Annual distinct commit-authors
The author count is perhaps the most striking statistic in the org's history: despite generating nearly 10,000 commits across 76 repositories over 13 years, the org has never had more than about 15 distinct people committing code in a single year. Volume and team size are completely decoupled. This is the structural backdrop for every bus-factor and concentration finding in the Community analysis.
How to read: Each bar is the count of distinct GitHub logins that authored at least one commit to any org repository in that year, computed from the full commits dataset rather than summing per-repo counts (which would double-count people active in multiple repos).
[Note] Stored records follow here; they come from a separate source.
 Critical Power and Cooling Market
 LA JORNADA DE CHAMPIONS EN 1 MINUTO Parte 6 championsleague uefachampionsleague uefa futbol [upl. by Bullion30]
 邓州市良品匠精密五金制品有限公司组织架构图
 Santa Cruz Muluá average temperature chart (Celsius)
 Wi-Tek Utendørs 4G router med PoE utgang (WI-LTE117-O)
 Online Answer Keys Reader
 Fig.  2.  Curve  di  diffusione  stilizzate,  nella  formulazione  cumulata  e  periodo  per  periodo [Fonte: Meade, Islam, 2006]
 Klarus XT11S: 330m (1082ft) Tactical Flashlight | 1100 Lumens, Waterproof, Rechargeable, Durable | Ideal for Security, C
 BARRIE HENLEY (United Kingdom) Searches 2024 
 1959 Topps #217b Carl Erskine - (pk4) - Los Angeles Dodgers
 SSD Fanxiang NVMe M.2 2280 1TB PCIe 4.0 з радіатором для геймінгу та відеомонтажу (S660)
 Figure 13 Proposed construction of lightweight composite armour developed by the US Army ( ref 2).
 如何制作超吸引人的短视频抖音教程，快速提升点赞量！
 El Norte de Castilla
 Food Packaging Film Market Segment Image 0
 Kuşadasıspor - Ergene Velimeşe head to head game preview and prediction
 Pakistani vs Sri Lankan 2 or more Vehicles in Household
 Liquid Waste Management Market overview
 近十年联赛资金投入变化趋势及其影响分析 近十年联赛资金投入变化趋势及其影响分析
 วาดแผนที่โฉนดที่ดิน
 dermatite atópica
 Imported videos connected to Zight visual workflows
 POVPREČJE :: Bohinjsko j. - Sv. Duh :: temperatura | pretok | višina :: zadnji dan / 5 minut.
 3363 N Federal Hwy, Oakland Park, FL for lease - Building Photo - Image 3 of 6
Example 1: A bar of height 11 in 2021 — the busiest commit year by volume — means only 11 different people contributed any code that year, despite thousands of commits being made. Example 2: A bar that is shorter than the previous year means the org's active contributor pool shrank — people left without being replaced.
Organization-wide distinct authors per year, recomputed from commits.csv (the per-repo unique_authors column cannot be summed — it double-counts people active in several repos). Even at peak, the active base is tiny — the concentration the Community bus-factor analysis quantifies.
Conclusion: The org has never had more than ~15 distinct commit-authors in a year, and the trend is flat rather than growing. Volume-per-person has increased, but the team itself has not. This is the single most important context for reading any other activity metric in the observatory: high throughput does not indicate a large or growing community — it indicates a small group of extremely productive, highly committed individuals.